I've spent quite a bit of time over the last few days getting up to speed with current developments in the TeX world. Like all of us here I sometimes get frustrated with the clunky and outdated nature of LaTeX 2e, so I'll save my complaining for another time, but here are my observations:
- Tagging, accessibility and the separation of form from content are key areas of development. It looks like there is general consensus that future versions of LaTeX should follow a paradigm similar to HTML/CSS.
- The ConTeXt project has already implemented this. The ConTeXt project is largely lead by Hans Hagen. The LuaTeX project is closely linked to ConTeXt. ConTeXt is closely linked to Pragma ADE, a commercial company in the Netherlands
- There are current efforts to modernize LaTeX via the L3 programming interface. A big part of this new plumbing is geared towards enabling an HTML/CSS-like paradigm.

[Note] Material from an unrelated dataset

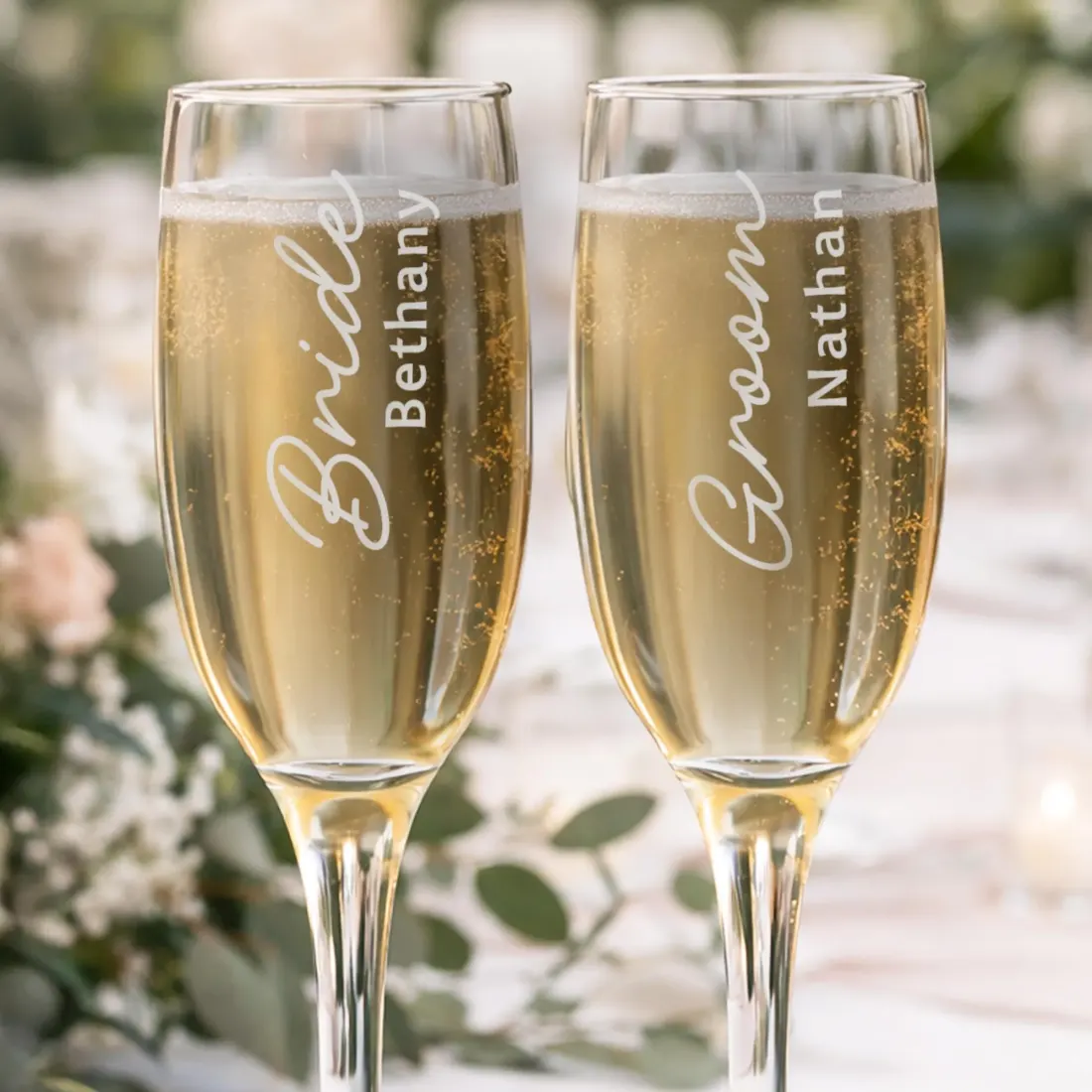 Personalised Bride Elegant Flute Glass, Custom Name Wedding Champagne Toast Keepsake — photo 4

The glaring question which I can't really avoid is the following:
Why on earth are ConTeXt and LaTeX two different things if everyone is trying to go in similar directions?
I can think of a few explanations:
- Pragma ADE is a commercial company, so being as "open" as LaTeX would hurt their ability to earn a living. If so, I would disagree with this attitude, but not all share my point of view of course.
- The ConTeXt developers decided they didn't care about backwards compatibility or breaking packages, viewing this as a necessary step for progress and a hamper to LaTeX's development. So they went off and did their own thing. One result of course is that ConTeXt's module ecosystem is far inferior to LaTeX's. It shines in other areas, but that's not my point.
- Personality mismatch between lead developers
Does anyone know the real reason? Is it a combination of all the above?